:: What is being asked ::
Where a record holds a picture, leave the picture out; otherwise repeat every record exactly.

:: The data ::
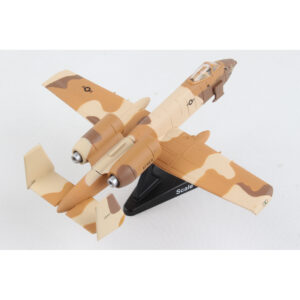 POSTAGE STAMP A-10 WARTHOG PEANUT COLOR SCHEME USA - DARON - Image 7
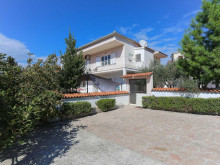 House in a great location 120 m from the beach on the island of Ciovo near Trogir
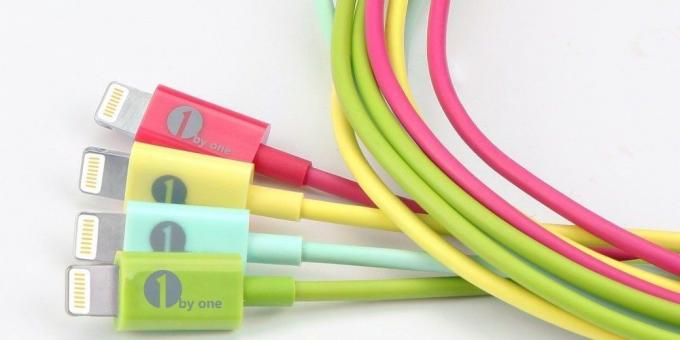 Gdje kupiti dobar kabel za iPhone: 1byone kabel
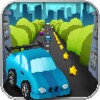 Speed Racing Drag Highway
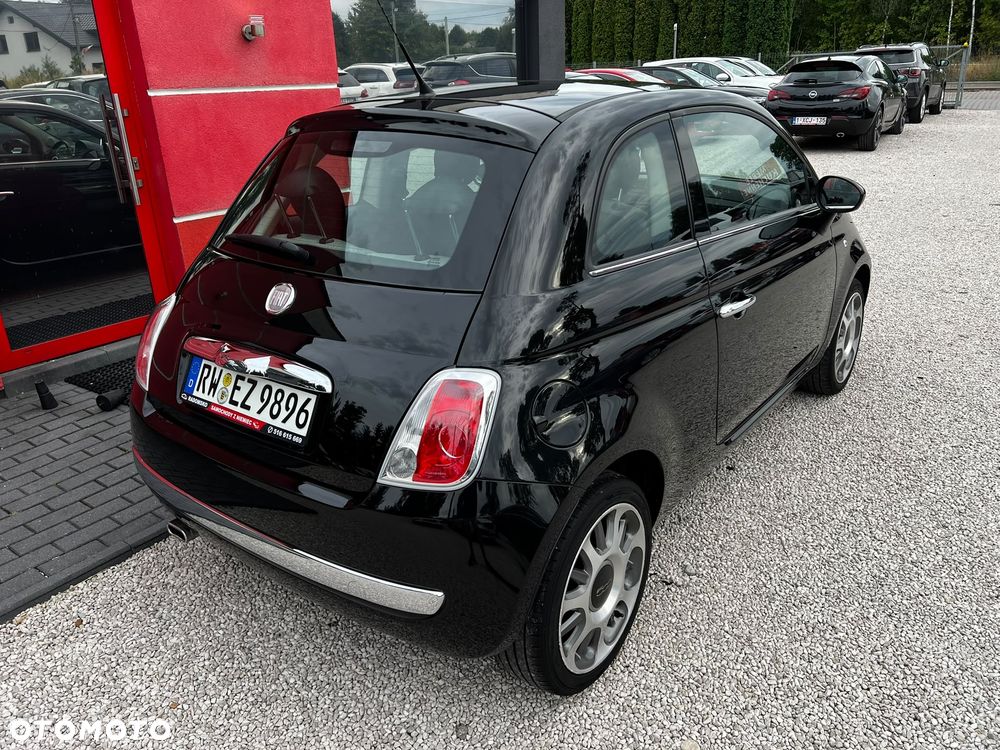 Fiat 500 1.2 Lounge - 2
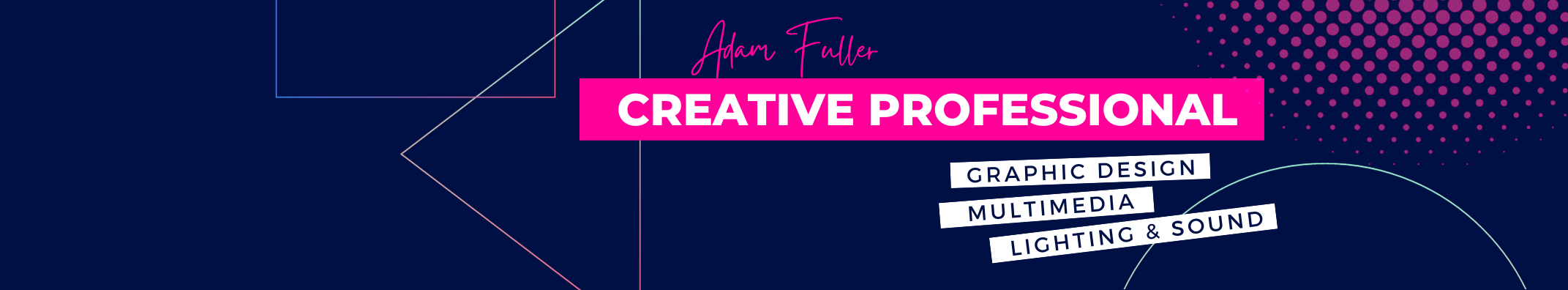 Adam Fuller's profile banner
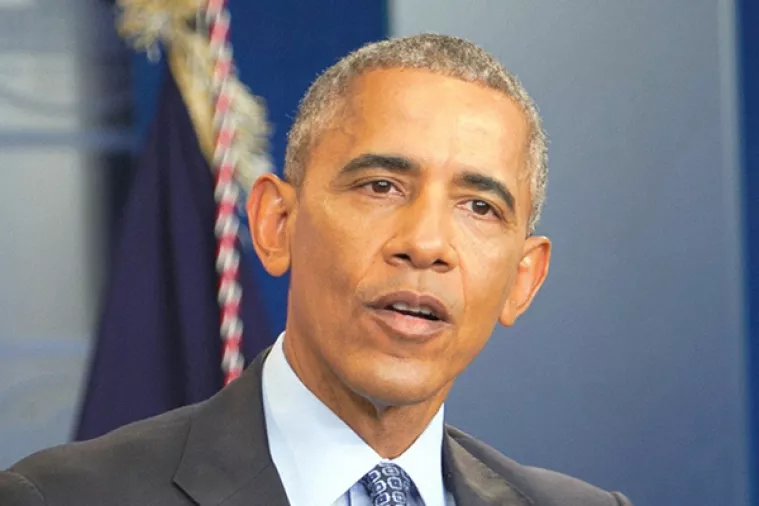Ni riječi o politici: Barack Obama usmjeren građanskom aktivizmu i mladim liderima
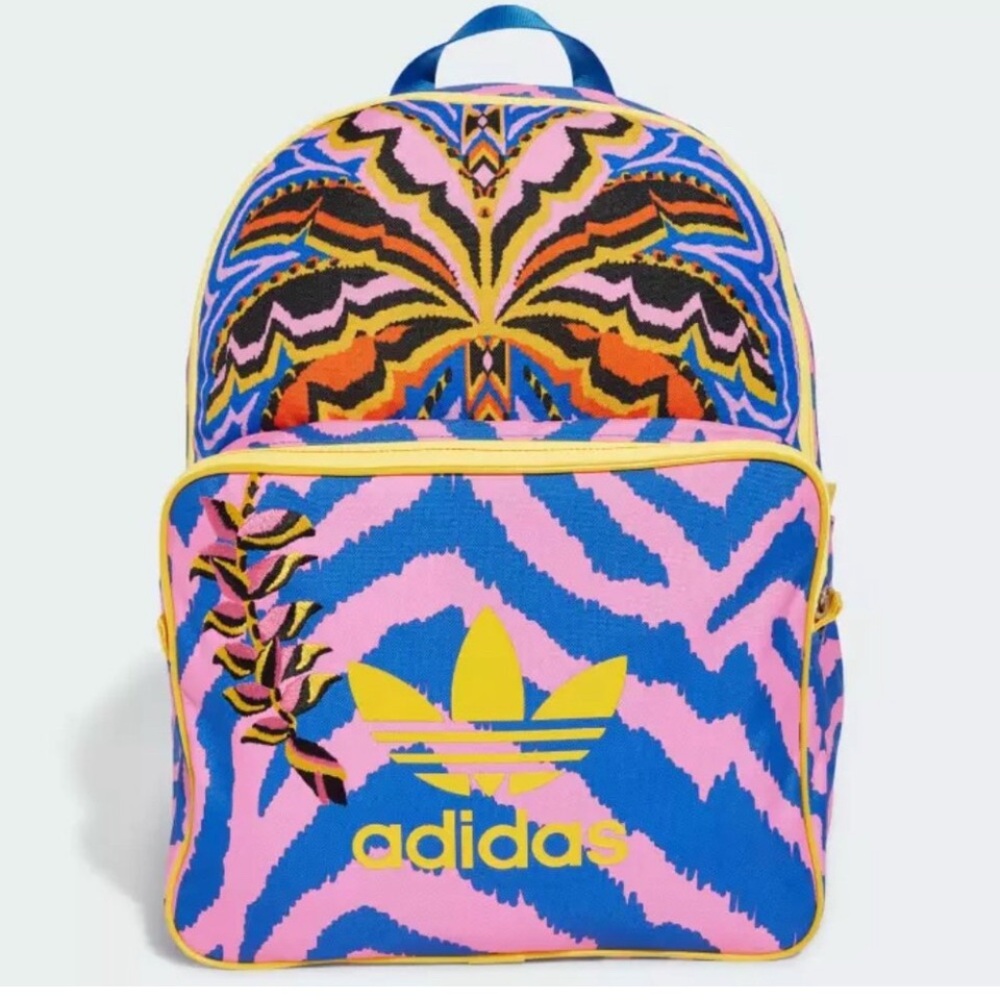 Adidas x Farm Rio Backpack (New without tags)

:: Output of the task ::
 POSTAGE STAMP A-10 WARTHOG PEANUT COLOR SCHEME USA - DARON - Image 7
 House in a great location 120 m from the beach on the island of Ciovo near Trogir
 Gdje kupiti dobar kabel za iPhone: 1byone kabel
 Speed Racing Drag Highway
 Fiat 500 1.2 Lounge - 2
 Adam Fuller's profile banner
Ni riječi o politici: Barack Obama usmjeren građanskom aktivizmu i mladim liderima
 Adidas x Farm Rio Backpack (New without tags)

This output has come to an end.